Single stranded cDNA was mixed with Affymetrix hybridization controls (GeneChip Hybridization Control Kit, Affymetrix) and hybridized on Affymetrix GeneChip Human Gene ST 1.0 array (Affymetrix) utilizing GeneChip Hybridization, Wash, and Stain Kit (Affymetrix) according to manufacturer protocol. Arrays were hybridized in Affymetrix Hybridization Oven 645 and washed / stained / labeled in Affymetrix GeneChip Fluidics Station 450.
Affymetrix CEL files were normalized using RMA algorithm at the gene level with default settings (general background correction, quantile normalization and median polish summarization) in Affymetrix Expression Console software. Further analyses were performed in GeneSpring and/or R-script and or Affymetrix PowerTools. Please note that 40 identifiers in the normalised data file cannot be found in the Reporter Name column of A-AFFY-141. Instead, they can be found in the Comment[transcript_cluster_id] column of A-AFFY-187, which is the same Affymetrix array design but with slightly more updated annotation. The 40 idnetifiers involved are stored in an additional file (E-MTAB-1038.additional.1.zip) which can be found under Browse all available files link.

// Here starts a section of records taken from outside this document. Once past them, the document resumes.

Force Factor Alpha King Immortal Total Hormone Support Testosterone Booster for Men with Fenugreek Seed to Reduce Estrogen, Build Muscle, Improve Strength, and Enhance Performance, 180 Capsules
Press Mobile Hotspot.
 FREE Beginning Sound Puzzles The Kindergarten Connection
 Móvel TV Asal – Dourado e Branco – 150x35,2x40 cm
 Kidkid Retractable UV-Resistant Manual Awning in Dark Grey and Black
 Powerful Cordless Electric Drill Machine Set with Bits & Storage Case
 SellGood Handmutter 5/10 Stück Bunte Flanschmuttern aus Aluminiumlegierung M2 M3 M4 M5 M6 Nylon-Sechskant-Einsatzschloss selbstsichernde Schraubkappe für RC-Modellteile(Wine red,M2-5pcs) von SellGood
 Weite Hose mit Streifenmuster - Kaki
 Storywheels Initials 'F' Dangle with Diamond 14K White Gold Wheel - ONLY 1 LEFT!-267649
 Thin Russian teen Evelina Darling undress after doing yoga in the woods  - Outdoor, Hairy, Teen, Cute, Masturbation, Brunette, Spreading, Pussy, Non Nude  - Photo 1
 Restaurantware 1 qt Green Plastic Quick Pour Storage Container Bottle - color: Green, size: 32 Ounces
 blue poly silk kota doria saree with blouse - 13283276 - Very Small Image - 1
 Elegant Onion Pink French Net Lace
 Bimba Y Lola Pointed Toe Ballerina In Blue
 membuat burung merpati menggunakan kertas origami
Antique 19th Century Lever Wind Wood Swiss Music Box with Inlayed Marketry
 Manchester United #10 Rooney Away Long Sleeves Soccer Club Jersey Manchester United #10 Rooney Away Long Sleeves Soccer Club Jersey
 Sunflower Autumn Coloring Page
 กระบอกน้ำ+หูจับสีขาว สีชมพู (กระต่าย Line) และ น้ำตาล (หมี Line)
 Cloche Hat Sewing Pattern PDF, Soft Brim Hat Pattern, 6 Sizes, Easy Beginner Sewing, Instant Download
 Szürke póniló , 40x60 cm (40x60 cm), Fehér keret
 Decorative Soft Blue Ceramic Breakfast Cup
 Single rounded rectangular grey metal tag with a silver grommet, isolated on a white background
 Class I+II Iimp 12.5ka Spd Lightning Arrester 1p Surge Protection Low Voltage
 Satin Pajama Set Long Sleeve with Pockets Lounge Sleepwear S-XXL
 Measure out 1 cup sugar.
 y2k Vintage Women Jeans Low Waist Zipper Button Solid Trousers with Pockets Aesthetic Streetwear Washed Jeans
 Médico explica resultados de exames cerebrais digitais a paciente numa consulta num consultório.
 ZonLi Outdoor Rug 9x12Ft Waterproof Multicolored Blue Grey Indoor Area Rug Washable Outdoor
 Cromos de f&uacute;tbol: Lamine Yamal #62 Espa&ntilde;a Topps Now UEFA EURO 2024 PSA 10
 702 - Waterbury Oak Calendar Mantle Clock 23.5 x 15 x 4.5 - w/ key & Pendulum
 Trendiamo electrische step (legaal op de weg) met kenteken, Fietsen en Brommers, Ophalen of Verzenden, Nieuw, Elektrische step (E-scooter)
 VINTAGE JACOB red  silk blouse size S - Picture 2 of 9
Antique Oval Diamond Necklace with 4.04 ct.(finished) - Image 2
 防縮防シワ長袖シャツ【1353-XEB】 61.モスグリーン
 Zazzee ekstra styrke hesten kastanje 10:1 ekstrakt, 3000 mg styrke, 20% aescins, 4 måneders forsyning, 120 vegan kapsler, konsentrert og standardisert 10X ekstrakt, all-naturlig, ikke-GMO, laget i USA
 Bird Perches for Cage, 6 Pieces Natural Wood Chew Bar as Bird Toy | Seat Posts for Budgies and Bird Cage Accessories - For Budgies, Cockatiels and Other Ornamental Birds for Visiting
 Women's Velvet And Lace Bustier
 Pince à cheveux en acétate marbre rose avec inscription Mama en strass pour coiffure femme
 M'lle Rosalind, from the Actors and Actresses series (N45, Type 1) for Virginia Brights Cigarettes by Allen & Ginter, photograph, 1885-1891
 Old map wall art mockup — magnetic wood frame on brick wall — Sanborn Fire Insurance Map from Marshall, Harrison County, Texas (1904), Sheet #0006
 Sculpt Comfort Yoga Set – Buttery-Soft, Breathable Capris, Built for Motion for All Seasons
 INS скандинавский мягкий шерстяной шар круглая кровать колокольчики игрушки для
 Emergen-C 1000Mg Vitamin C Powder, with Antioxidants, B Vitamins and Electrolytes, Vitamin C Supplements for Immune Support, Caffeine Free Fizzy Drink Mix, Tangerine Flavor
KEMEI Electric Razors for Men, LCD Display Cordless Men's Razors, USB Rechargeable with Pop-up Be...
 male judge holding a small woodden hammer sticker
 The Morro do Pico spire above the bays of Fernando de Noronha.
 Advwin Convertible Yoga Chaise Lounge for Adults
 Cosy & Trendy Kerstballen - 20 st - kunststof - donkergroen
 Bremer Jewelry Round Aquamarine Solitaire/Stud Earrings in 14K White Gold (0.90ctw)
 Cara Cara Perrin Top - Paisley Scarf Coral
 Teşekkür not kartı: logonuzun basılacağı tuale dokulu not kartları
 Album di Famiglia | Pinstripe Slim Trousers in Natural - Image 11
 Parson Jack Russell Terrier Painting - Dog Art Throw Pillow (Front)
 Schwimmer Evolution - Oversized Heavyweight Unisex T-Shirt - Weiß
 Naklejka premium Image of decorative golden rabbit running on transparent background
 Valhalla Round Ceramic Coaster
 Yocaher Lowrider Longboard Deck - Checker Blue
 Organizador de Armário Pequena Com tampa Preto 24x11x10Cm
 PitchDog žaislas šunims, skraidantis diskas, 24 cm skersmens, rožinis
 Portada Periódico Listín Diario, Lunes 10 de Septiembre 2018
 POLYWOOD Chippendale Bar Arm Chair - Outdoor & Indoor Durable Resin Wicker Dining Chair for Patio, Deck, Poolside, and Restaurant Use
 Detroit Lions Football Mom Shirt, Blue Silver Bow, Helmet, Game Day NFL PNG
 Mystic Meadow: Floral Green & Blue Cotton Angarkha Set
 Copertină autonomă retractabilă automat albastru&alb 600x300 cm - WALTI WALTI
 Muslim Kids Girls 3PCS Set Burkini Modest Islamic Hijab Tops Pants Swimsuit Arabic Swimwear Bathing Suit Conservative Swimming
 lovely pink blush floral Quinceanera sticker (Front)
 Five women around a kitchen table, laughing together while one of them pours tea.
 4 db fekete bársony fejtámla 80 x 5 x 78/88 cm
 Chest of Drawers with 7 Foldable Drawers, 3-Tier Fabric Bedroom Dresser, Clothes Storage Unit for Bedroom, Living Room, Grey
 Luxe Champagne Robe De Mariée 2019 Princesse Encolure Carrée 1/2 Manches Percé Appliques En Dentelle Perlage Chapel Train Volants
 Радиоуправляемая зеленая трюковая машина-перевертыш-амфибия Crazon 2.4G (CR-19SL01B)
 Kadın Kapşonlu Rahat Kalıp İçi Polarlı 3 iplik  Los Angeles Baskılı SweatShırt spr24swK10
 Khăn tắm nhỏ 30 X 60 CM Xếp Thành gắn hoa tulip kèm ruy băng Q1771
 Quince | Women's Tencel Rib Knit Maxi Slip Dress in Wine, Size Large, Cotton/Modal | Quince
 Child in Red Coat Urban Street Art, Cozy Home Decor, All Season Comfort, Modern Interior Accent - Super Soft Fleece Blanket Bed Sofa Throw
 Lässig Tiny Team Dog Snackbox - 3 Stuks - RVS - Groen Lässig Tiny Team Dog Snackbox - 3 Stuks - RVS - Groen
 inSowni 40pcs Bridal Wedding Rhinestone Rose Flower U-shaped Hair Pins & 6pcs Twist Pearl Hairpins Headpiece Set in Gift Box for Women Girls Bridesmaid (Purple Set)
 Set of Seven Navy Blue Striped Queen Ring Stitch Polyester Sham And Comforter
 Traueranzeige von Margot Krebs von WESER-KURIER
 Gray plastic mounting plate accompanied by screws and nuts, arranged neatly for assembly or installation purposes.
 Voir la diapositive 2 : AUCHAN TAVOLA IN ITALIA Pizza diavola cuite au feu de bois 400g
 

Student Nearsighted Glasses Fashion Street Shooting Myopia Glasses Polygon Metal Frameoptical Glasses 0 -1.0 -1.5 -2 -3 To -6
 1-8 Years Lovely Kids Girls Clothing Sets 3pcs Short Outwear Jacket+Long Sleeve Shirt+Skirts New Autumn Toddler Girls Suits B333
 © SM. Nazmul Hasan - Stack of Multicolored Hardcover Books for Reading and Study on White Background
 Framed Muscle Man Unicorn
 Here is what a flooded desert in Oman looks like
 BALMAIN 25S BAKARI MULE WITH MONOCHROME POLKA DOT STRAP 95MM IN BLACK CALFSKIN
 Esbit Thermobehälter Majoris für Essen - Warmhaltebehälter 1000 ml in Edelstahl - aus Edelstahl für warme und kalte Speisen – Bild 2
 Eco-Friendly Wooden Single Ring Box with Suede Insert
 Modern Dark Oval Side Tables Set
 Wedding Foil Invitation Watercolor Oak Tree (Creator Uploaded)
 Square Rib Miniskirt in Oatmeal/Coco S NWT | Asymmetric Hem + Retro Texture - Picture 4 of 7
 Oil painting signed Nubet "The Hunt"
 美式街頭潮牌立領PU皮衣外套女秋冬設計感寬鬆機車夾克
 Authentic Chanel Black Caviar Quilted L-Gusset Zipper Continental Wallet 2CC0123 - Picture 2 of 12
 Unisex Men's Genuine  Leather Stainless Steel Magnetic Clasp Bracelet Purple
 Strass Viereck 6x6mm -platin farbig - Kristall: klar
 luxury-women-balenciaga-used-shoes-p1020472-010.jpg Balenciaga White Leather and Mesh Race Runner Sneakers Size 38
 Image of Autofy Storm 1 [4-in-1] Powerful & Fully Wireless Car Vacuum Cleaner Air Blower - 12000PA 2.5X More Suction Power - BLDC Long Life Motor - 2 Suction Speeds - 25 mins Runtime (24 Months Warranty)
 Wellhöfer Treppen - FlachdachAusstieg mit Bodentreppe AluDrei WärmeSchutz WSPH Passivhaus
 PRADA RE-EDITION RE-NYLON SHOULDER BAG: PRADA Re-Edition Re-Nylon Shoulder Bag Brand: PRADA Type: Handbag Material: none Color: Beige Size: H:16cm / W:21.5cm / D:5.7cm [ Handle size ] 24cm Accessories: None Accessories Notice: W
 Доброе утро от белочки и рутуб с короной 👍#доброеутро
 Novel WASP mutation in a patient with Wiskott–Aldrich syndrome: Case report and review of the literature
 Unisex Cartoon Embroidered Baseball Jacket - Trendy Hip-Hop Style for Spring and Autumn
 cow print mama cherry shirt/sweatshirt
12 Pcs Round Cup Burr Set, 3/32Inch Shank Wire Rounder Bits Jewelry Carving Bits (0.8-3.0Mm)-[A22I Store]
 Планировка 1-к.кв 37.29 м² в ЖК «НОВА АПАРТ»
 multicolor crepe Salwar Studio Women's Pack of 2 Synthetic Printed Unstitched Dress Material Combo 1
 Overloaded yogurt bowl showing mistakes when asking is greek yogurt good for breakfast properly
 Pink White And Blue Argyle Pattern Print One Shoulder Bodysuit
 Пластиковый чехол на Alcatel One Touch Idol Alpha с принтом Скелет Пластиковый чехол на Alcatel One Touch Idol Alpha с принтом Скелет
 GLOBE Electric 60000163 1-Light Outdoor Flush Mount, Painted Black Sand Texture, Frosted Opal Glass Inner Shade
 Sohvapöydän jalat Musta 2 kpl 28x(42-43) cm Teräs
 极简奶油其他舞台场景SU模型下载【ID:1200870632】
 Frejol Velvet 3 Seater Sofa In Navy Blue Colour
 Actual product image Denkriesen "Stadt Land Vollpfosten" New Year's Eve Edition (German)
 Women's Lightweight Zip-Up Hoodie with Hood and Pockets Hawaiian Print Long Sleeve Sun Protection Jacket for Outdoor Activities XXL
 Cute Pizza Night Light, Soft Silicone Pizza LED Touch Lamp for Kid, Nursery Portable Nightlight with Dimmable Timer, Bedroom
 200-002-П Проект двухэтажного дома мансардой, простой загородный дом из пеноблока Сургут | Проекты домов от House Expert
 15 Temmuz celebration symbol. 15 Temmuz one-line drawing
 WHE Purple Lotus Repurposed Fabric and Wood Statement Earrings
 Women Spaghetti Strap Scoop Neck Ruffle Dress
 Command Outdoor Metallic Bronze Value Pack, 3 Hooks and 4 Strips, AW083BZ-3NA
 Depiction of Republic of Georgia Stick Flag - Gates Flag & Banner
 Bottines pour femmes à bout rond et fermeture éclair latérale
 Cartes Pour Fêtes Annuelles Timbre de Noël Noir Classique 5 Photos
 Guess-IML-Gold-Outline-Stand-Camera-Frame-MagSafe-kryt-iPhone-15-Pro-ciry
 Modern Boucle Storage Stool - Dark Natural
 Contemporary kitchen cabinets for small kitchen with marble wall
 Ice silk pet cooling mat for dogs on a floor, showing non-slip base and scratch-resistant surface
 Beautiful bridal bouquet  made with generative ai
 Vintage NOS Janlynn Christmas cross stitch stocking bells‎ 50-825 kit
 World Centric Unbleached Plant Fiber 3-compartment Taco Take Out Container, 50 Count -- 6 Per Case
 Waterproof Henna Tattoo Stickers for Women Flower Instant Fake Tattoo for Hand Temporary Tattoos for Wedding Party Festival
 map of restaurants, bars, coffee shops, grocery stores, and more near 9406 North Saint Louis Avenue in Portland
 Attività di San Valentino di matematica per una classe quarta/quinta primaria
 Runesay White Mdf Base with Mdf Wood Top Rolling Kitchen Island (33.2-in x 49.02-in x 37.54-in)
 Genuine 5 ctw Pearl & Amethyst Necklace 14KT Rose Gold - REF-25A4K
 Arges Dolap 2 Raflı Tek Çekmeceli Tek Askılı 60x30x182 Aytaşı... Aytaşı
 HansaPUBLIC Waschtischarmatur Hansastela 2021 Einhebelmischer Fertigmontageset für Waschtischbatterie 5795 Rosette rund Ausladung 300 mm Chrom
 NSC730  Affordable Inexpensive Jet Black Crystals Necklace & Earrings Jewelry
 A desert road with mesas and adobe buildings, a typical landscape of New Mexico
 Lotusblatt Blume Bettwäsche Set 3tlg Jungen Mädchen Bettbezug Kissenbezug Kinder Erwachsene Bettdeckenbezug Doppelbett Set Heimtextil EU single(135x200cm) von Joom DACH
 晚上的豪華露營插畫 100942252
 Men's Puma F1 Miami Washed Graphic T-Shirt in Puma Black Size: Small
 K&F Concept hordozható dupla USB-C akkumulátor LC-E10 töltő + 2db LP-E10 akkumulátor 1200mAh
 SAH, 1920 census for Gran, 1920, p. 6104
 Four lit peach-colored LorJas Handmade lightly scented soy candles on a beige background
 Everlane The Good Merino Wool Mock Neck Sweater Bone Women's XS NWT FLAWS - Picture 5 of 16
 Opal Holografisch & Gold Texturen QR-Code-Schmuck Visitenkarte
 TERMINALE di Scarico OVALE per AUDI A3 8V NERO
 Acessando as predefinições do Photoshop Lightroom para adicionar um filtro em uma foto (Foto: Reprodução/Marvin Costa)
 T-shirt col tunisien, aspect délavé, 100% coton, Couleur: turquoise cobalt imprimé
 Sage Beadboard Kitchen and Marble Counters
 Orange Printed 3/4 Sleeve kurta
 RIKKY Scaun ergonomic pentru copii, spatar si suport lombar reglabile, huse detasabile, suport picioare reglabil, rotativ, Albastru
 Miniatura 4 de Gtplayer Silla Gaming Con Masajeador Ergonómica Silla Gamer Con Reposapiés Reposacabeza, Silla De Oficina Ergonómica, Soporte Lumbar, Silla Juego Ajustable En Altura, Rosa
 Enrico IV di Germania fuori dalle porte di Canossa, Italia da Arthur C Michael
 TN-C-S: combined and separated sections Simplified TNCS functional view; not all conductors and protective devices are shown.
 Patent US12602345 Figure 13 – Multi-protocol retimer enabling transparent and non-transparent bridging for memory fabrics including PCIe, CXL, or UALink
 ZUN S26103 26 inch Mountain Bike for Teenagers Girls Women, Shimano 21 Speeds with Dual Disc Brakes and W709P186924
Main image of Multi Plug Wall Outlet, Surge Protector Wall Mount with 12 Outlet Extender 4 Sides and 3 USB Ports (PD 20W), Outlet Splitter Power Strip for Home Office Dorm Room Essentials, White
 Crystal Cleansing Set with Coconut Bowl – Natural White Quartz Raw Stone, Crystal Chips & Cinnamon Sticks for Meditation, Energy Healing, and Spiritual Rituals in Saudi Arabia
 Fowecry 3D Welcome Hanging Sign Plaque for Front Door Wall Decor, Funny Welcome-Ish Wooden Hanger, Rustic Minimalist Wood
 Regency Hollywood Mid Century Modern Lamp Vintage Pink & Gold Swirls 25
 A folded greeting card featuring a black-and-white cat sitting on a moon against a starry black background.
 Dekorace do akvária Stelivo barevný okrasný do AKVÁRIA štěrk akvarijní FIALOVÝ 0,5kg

Arrays were scanned by Affymetrix GeneChip Scanner 3000 operated by Affymetrix GeneChip Command Console (AGCC) software and DAT files were stored. Grid of each array was manualy realigned and finally the CEL files were generated.
Maximum input 250ng total RNA was mixed with appropriate amount of Affymetrix Poly-A controls (GeneChip Eukaryotic Poly-A RNA Control Kit, Affymetrix) and further processed by Ambion WT assay (Life Technologies) according to manufacturer protocol. This WT assay workflow comprises of total RNA amplification (in vitro transcription) and cRNA purification, and single stranded cDNA reverse transcription and its purification.
Total of 5.5ug was fragmented and labeled using GeneChip WT Terminal Labeling Kit (Affymetrix) according to manufacturer protocol.
Total RNA from CD138+ cells was isolated using QIAGEN RNeasy Mini Kit according to manufacturer protocol. Concentration and purity of isolated total RNA was measured by NanoDrop spectrophotometer (Thermo Scientific). RNA integrity number (RIN) was measured by Agilent 2010 Bionalyzer (Agilent Technologies). Total RNA with 260/280 absorbance ratio >1.7 and RNA integrity number (RIN) >7.5 followed further processing.
The bone marrow of multiple myeloma patients was obtained during routine clinical procedure. Plasma cells in mononuclear cell fraction were enriched by anti-CD138+ immunomagnetic beads and sorted using AutoMACS (Miltenyi Biotec) (magnetic activated cell sorting). Purity of CD138+ fraction was measured by flowcytometry and/or cytospin slides. Samples with >80% CD138 positive cells followed further processing.